Do you incorporate lots of singles into your training routine?


----------



## AChappell (Jun 1, 2011)

A 200kg squat at under 80kg I don't think anyone could touch you when it comes to lb for lb lifts Davy. I took the supplement for 2 months in a Row and felt liek I got the most out of it taking it like that in the offseason. However when I was dieting I was taking it for a much longer period and I did run it 3 motnhs in a row. Managed some pretty respectable numbers at a much reduced bodyweight so it might well be worth it.


----------



## Davie Hannah (Nov 26, 2012)

yannyboy said:


> Do you incorporate lots of singles into your training routine?

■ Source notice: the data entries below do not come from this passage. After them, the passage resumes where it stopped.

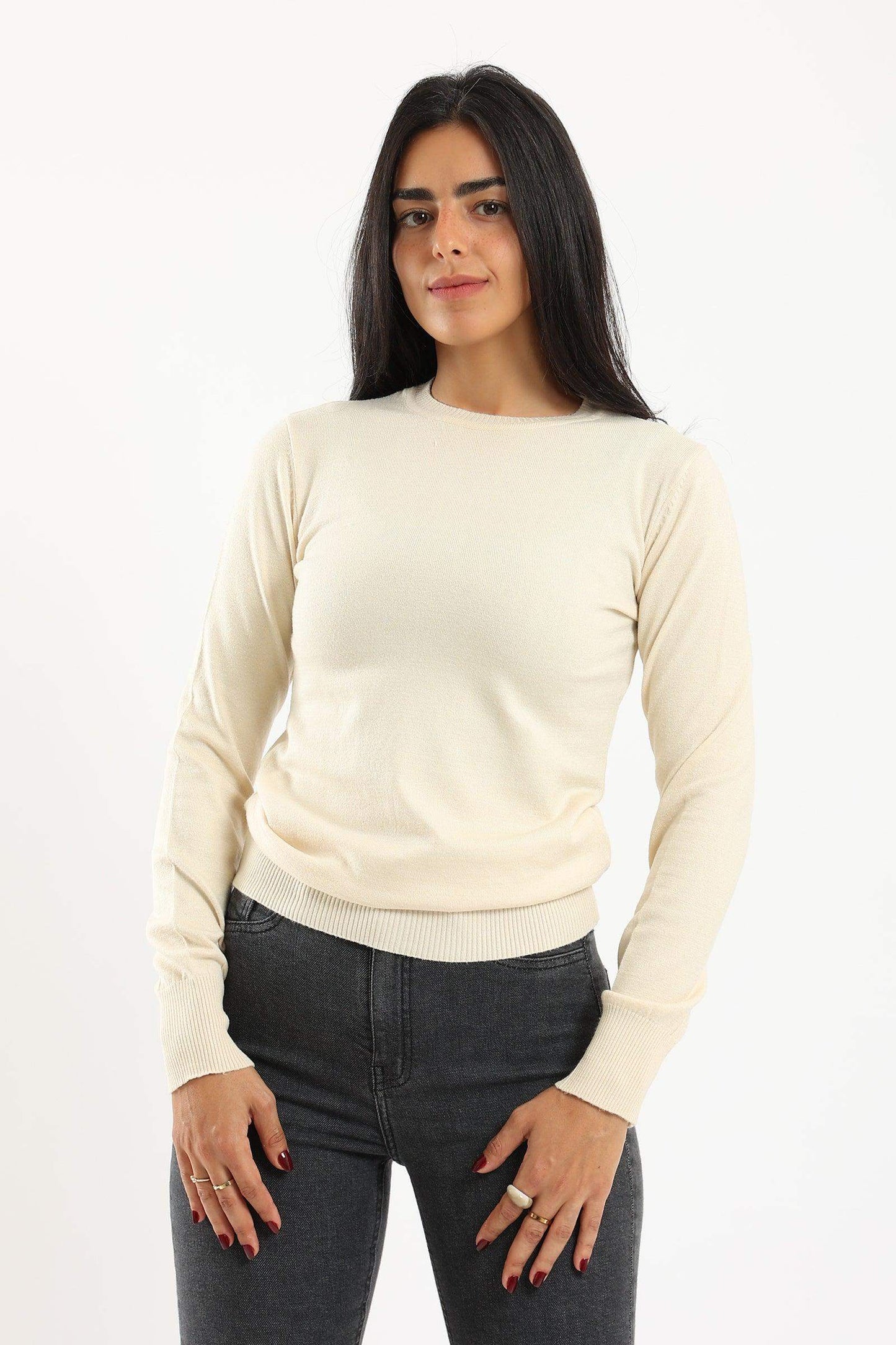 Regular Fit Knitted Pullover - Carina - ÙƒØ§Ø±ÙŠÙ†Ø§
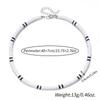 Boho Simple Polymer Clay Black and White Choker Necklace for Women Men Summer Vintage Short Clavicle Chain Party Jewelry Gift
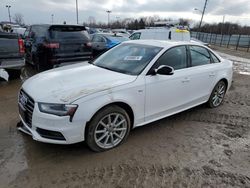 Salvage cars for sale at Indianapolis, IN auction: 2016 Audi A4 Premium Plus S-Line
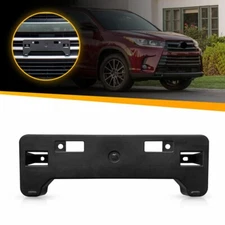 For 2017-2019 Toyota Highlander Front License Plate w/ Bracket Mounting Hardware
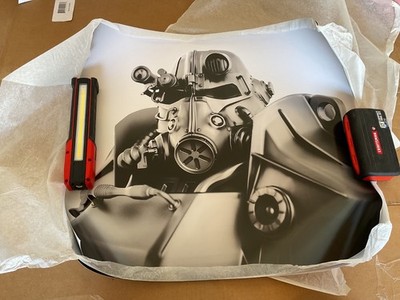 Fallout T-45 and T-60 Power Armor Lithograph Art Print  #459/500 Both Prints
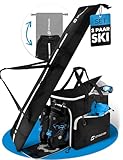 STYNGARD Skitasche Set 4-teilig (140cm-200cm) Skisack und Skischuhtasche...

 I wouldn't normally do singles very often, but i think done occasionally they can serve a purpose, ie allowing you

to test how your strength is improving. when i squatted last time i wanted to see where my strength was with the view

to maybe doing single lift in a powerlifting competition. I actually think that legs benefit from using slightly higher rep

ranges. I usually for example will do higher reps for at least one exercise on leg day. whether it's 20rep sets or triple drop sets

to get the extra reps out. they're a big muscle and can take a bit more of a hammering than the smaller muscles


----------



## Davie Hannah (Nov 26, 2012)

AChappell said:


> A 200kg squat at under 80kg I don't think anyone could touch you when it comes to lb for lb lifts Davy. I took the supplement for 2 months in a Row and felt liek I got the most out of it taking it like that in the offseason. However when I was dieting I was taking it for a much longer period and I did run it 3 motnhs in a row. Managed some pretty respectable numbers at a much reduced bodyweight so it might well be worth it.


 Yeh Andy, i've decided to stay on reload for another month and see how things go.

I feel i'm still getting the benefits from taking it so no reason to stop for the moment.


----------